Is that right? Then I should be able do things like the following:

# use almost all defaults, and save results.
command --config.save_config_path=./experiment_1.toml --global_seed=1

# Loads up ALL of those from previous experiment, overwrite lr and run
command --config=./experiment_1.toml --config.lr=1e-8  

# Loads up ALL of those from previous experiment, overwrite lr and run
command --config=./experiment_1.toml --config.save_config_path=./experiment_2.toml  --config.lr=1e-8  

# Then, six months later I can run the following, and even if the defaults in `ExperimentConfig` changed, this would reproduce parameters?
command --config=./experiment_2.toml  

It that all works, then I think this workflow is fulfilled completley. Might be worth a doc addition at some point perhaps if this is useful for others.

Roger-luo commented 2 years ago

Is that right? Then I should be able do things like the following:

Yes, exactly. The only thing that might be missing is pass through the actually file path into the function, which I don't have a good idea for the interface yet.

It that all works, then I think this workflow is fulfilled completley. Might be worth a doc addition at some point perhaps if this is useful for others.

Yeah, I was hoping to rewrite and polish the docs at some point... some part of the docs are out of date and was written in 0.10.0. Any help on doc improvement is definitely welcome.

jlperla commented 2 years ago

Amazing!

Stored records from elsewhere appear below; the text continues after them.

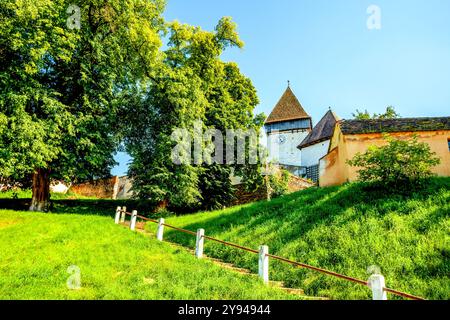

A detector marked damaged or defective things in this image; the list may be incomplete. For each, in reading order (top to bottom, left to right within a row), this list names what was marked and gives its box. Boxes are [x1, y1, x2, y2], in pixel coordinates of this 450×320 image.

rusty metal rail [118, 209, 426, 302]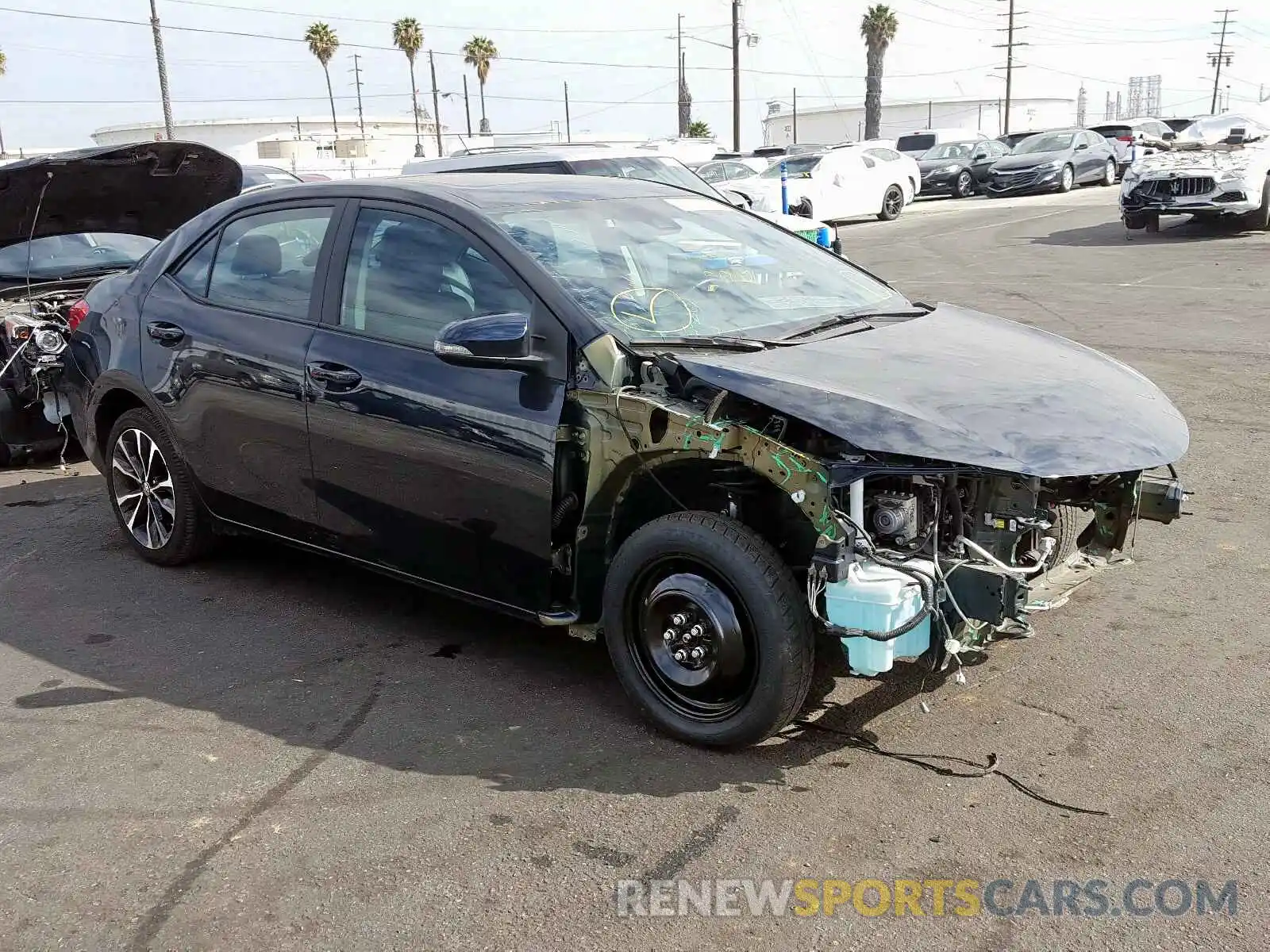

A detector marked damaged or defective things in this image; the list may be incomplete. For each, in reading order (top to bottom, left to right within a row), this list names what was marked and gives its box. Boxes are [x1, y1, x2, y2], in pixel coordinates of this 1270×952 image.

bent hood [0, 141, 241, 251]
damaged maserati [0, 141, 241, 463]
cracked windshield [492, 194, 908, 343]
detached front bumper [1118, 178, 1257, 216]
damaged maserati [60, 175, 1194, 749]
damaged black sedan [60, 175, 1194, 749]
bent hood [673, 305, 1194, 476]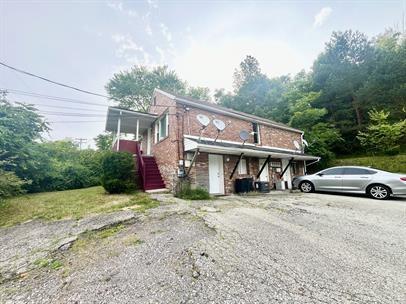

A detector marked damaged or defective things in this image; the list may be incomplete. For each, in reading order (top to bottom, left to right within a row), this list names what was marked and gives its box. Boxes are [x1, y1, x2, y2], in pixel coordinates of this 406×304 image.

cracked pavement [0, 192, 406, 302]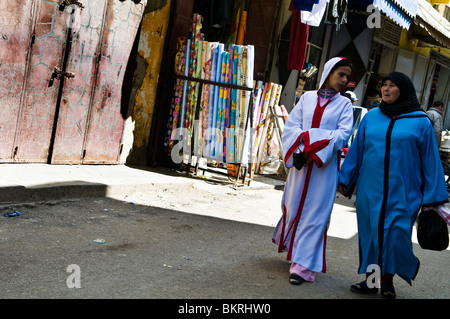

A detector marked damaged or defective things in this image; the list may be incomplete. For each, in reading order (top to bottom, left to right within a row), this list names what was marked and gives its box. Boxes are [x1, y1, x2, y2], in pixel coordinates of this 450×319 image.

rusty metal bracket [48, 67, 74, 87]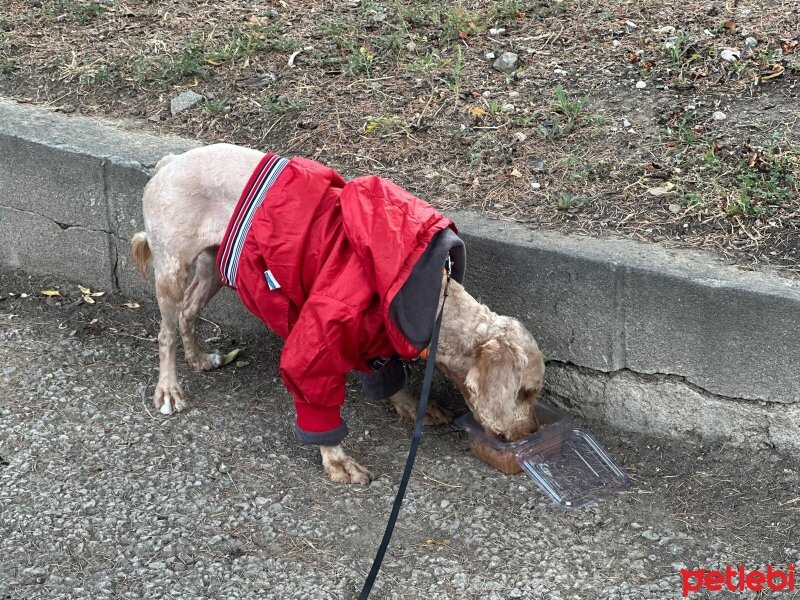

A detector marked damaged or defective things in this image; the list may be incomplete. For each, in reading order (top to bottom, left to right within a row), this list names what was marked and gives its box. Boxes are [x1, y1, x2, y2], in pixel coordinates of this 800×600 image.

cracked concrete curb [0, 98, 796, 452]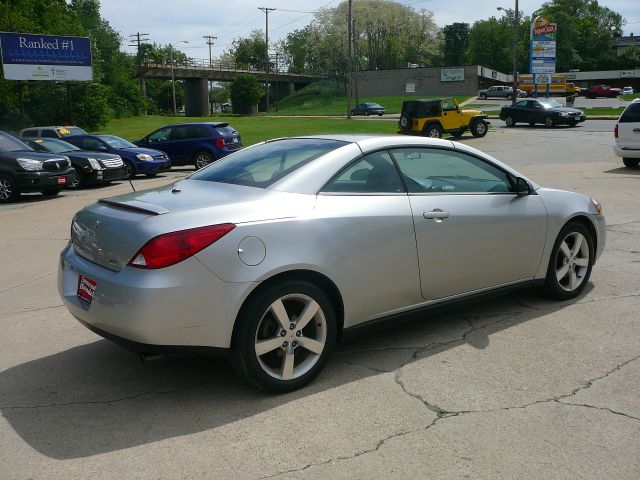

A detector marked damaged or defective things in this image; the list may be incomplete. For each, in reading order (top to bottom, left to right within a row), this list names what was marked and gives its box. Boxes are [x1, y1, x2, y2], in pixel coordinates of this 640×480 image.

crack in pavement [0, 272, 55, 294]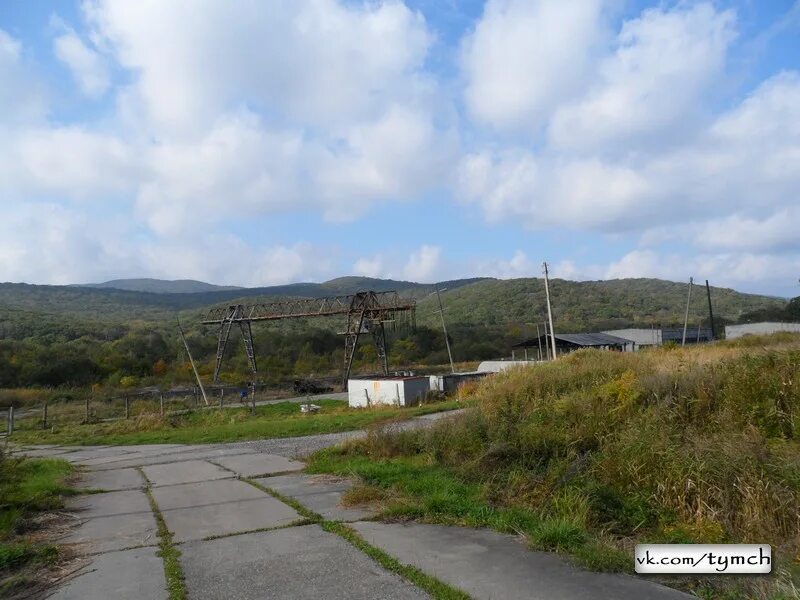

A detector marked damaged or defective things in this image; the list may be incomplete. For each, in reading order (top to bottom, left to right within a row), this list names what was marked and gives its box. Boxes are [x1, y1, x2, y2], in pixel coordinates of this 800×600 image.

Sorry I missed this workflow in the docs. I think this covers everything. I may come back to this during a rewrite in a few months on the CLI stuff for a project now that ArgParse can be exorcized completely.

Yes, exactly. The only thing that might be missing is pass through the actually file path into the function, which I don't have a good idea for the interface yet.

For sure. I also think that it can have a few manual steps required if you had an example to follow.

I am going to close this since the short answer is that you already have this functionality.